Materials provided: Begin

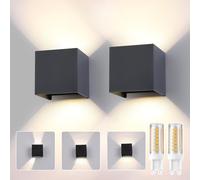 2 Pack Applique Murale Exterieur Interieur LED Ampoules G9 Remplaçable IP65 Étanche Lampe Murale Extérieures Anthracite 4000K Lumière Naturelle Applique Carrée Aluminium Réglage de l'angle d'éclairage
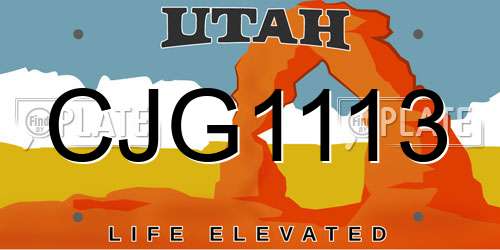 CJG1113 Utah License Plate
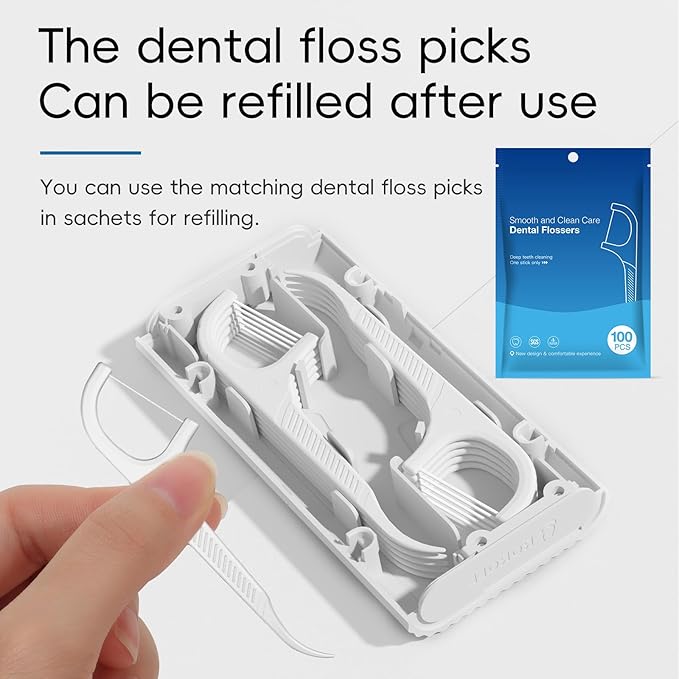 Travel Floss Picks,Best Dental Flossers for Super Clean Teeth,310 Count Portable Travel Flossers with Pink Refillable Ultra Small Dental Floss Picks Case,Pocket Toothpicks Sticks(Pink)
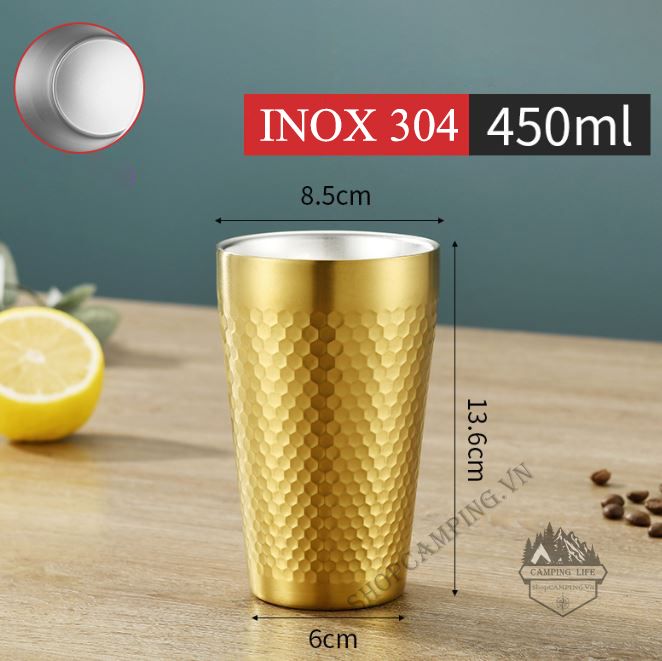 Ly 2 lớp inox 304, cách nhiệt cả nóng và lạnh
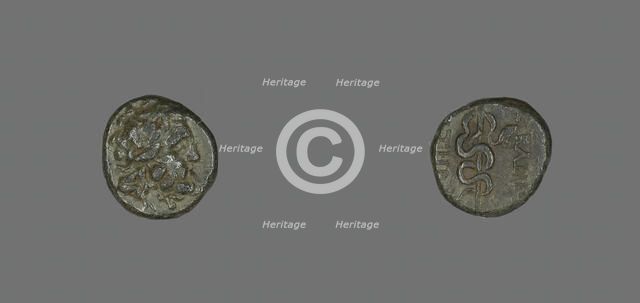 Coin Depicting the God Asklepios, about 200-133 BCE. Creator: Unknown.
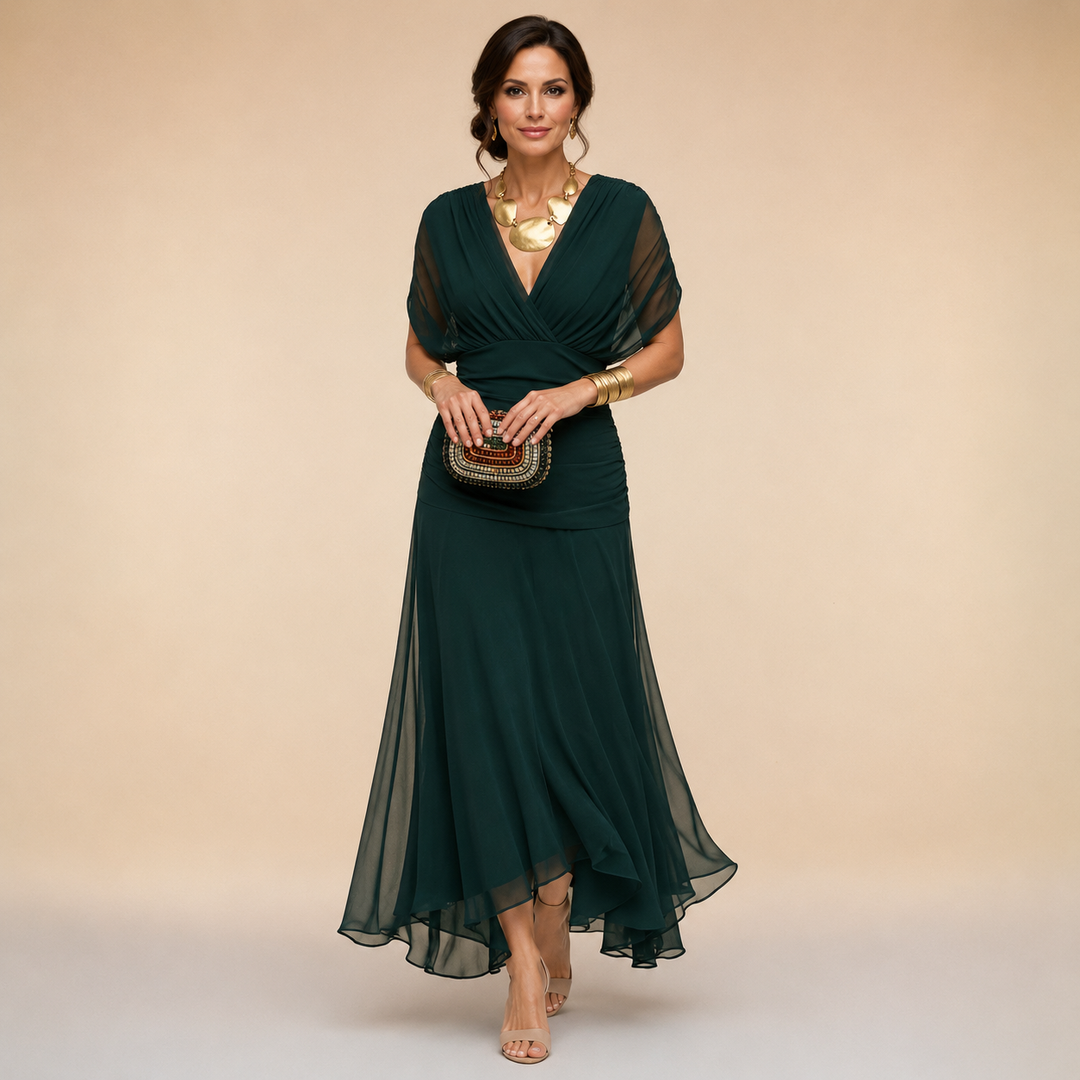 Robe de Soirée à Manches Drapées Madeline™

Materials provided: End
Materials provided: Begin

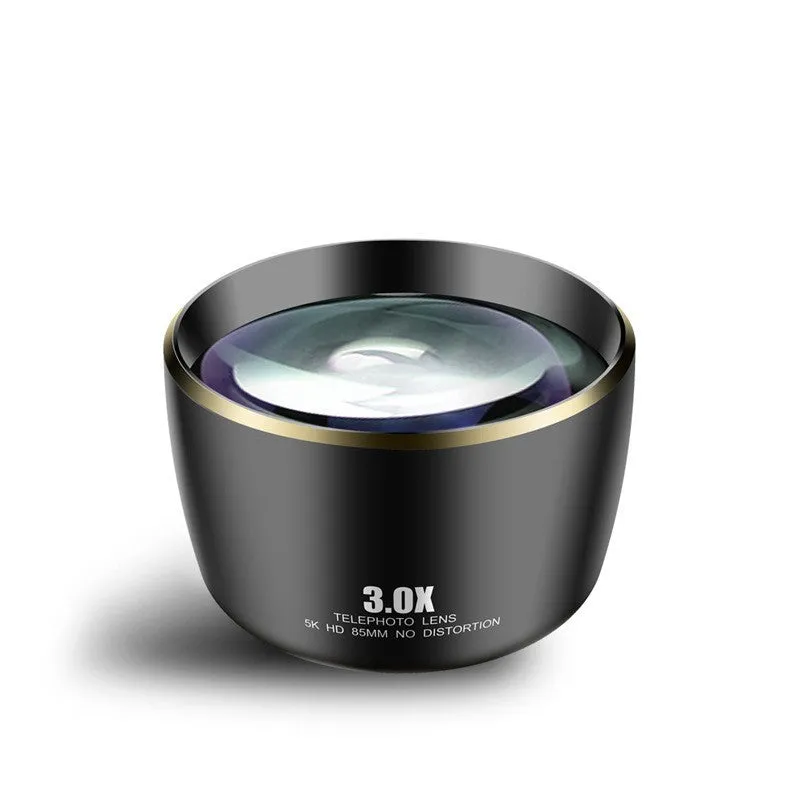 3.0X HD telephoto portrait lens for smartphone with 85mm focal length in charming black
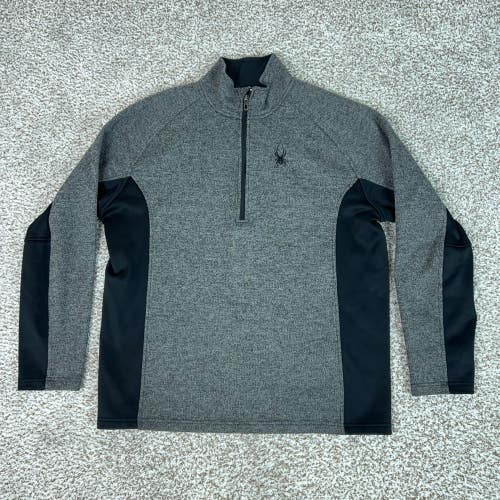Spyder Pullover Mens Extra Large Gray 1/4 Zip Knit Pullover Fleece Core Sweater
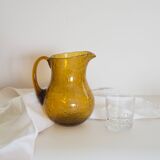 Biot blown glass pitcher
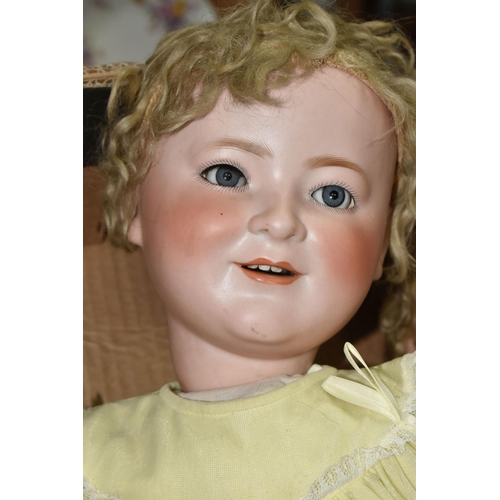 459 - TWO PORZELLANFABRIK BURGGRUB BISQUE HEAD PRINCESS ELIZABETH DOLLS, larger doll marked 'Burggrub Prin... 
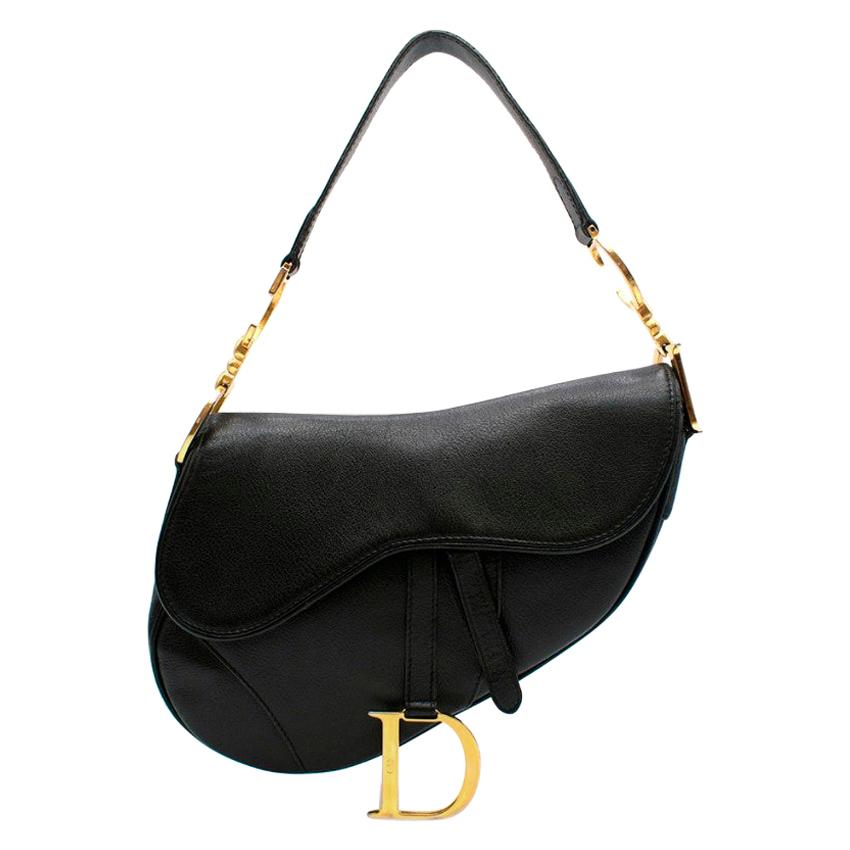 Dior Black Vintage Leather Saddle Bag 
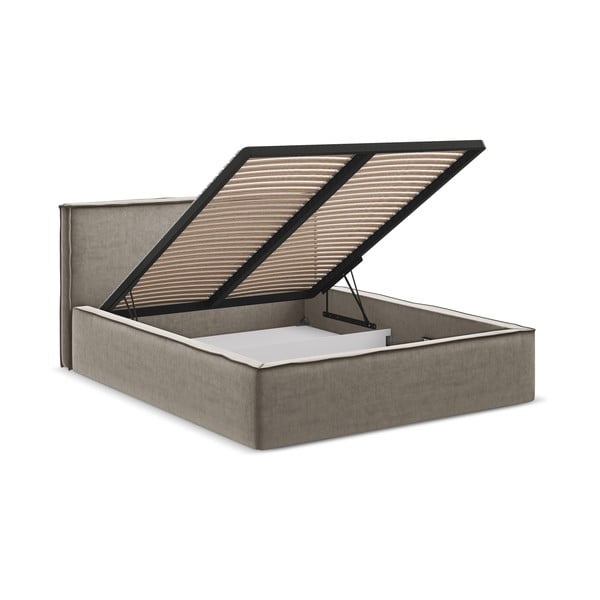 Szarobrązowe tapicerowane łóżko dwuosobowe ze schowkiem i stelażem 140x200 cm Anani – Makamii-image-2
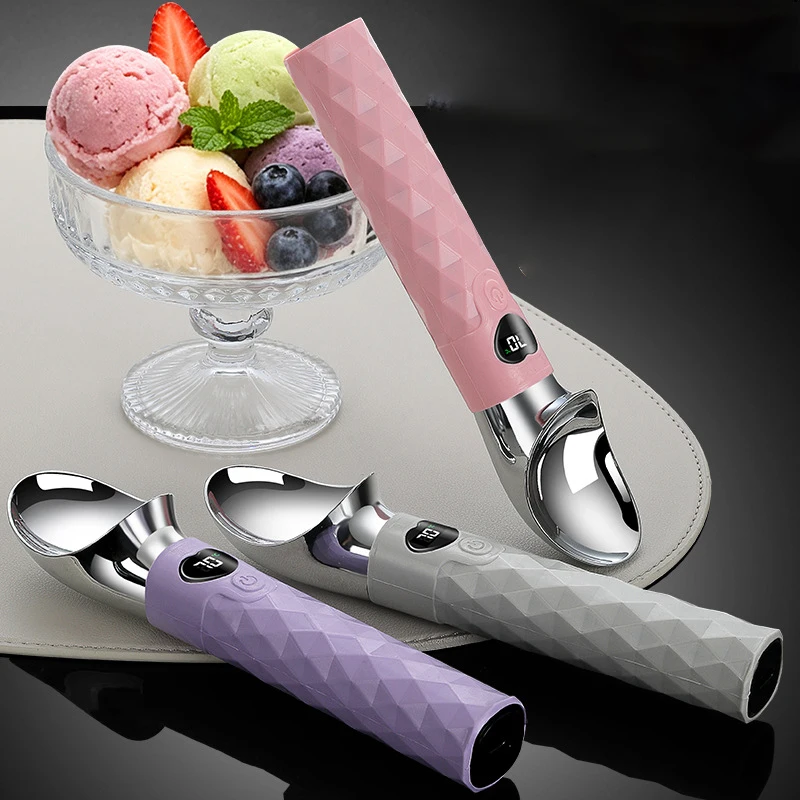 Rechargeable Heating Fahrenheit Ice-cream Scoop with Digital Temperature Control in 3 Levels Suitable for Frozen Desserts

Materials provided: End
Materials provided: Begin

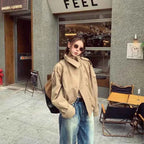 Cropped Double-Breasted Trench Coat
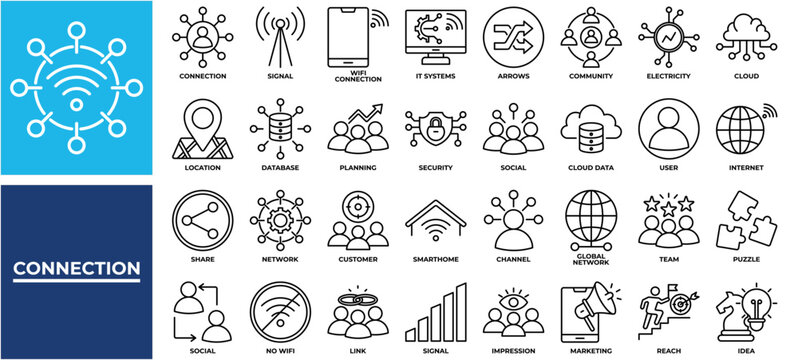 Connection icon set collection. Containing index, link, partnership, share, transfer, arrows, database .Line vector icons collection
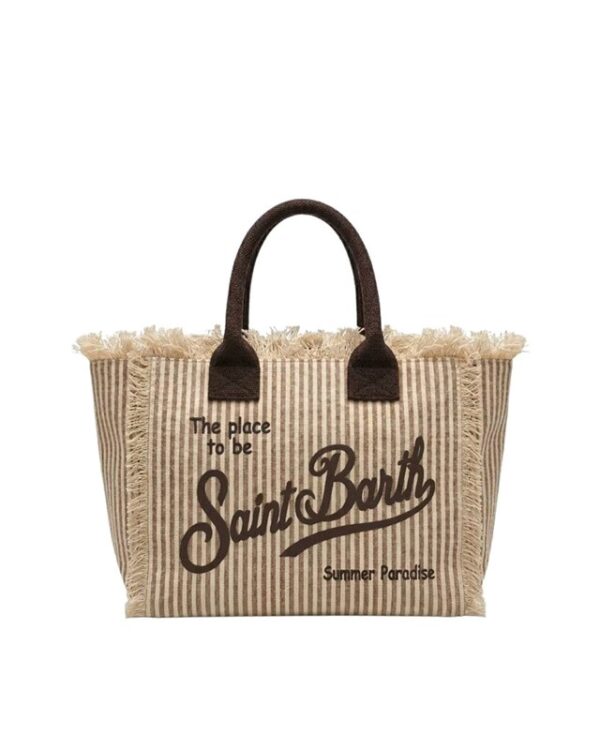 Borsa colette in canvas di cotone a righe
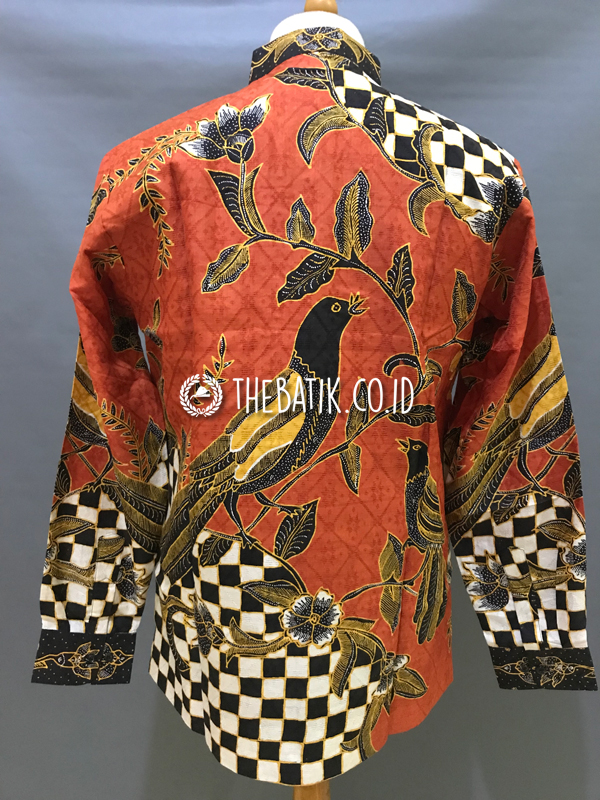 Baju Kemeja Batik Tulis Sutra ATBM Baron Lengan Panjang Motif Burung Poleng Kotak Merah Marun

Materials provided: End

## Work instructions
After locating the line containing "Biot blown glass pitcher" in the entries above, return it and every line after it exactly, ending at the line containing "Rechargeable Heating Fahrenheit", without pictures.

## Task solution
 Biot blown glass pitcher
 459 - TWO PORZELLANFABRIK BURGGRUB BISQUE HEAD PRINCESS ELIZABETH DOLLS, larger doll marked 'Burggrub Prin... 
 Dior Black Vintage Leather Saddle Bag 
 Szarobrązowe tapicerowane łóżko dwuosobowe ze schowkiem i stelażem 140x200 cm Anani – Makamii-image-2
 Rechargeable Heating Fahrenheit Ice-cream Scoop with Digital Temperature Control in 3 Levels Suitable for Frozen Desserts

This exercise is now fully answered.